Après que l’opération eut touché un grand nombre de wilayas (à l’est, au centre et à l’ouest) au milieu des années 1990, les régions qui maintiennent aujourd’hui la flamme sont confinées à quelques wilayas du centre du pays, avec tous les aléas que tout le monde connaît et que les gens du métier, les enseignants de cette langue, sont les premiers à déplorer. La situation de dichotomie entre, d’une part, un statut de langue nationale arraché de haute lutte, et, d’une autre part, le parcours chaotique que l’enseignement de cette langue subit dans son étendue géographique et dans son caractère facultatif, est relevée par tous les observateurs pour mettre à l’index une volonté politique molle, hésitante, voire nourrie par l’adversité à l’égard de la réhabilitation de la langue amazigh. Même dans les organes d’information publics, la question continue à être mal appréhendée, versant plus dans le folklorisme que dans un projet rationnel et moderniste. La chaîne de télévision publique, la 4, supposée refléter la volonté des autorités politiques du pays dans son domaine, nous donne le parfait exemple…à ne pas suivre. 

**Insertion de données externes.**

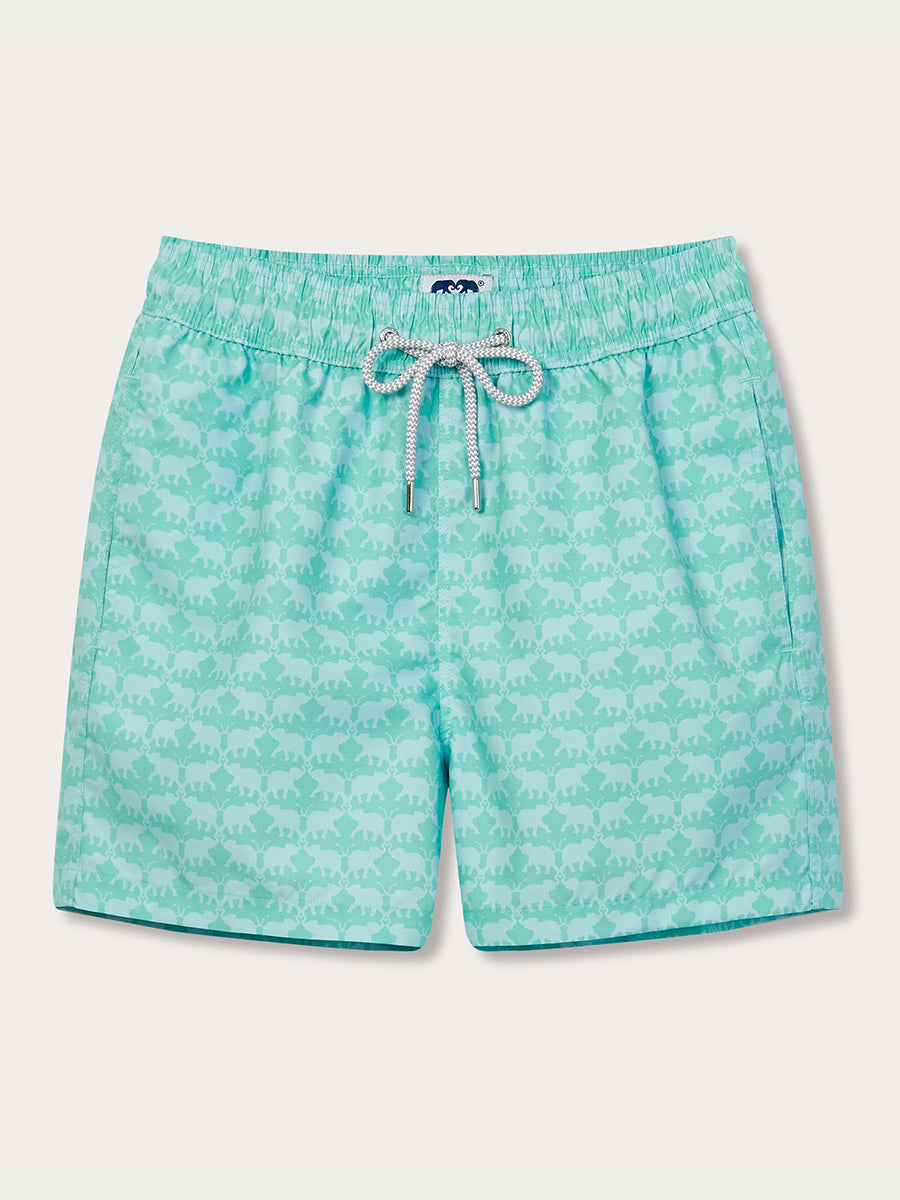 A pair of mint green swim shorts with a pattern of hand-drawn elephants dancing trunk to trunk, featuring a drawstring waistband.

Les explications données par les pouvoirs publics pour justifier le retrait de l’enseignement de tamazight dans plusieurs wilayas sont, le moins que l’on puisse dire, peu convaincantes. Sans grand effort de réflexion, on parle de déficit de la demande locale. Le sommet de la bêtise est sans aucun doute atteint lorsque les structures de l’Etat, chargées de contribuer à mettre en pratique un article de la Constitution algérienne, se dérobent à leur responsabilité en mettant en avant une argutie qui tient d’une mentalité mercantile. En effet, la demande et l’offre sont deux concepts des sciences commerciales et économiques qui n’ont pas cours dans l’effort de consécration de l’identité et de la culture d’un pays. Même dans le grand mouvement de mondialisation qui confère une célérité inouïe aux échanges des biens et services, la France a publiquement fait valoir ce que ses élites ont dénommé l’ « exception culturelle » dans le cadre de l’Organisation mondiale du commerce (OMC), face à l’invasion de l’ ‘’american way of life’’ qui menace les valeurs et les productions culturelles d’une stérile uniformisation.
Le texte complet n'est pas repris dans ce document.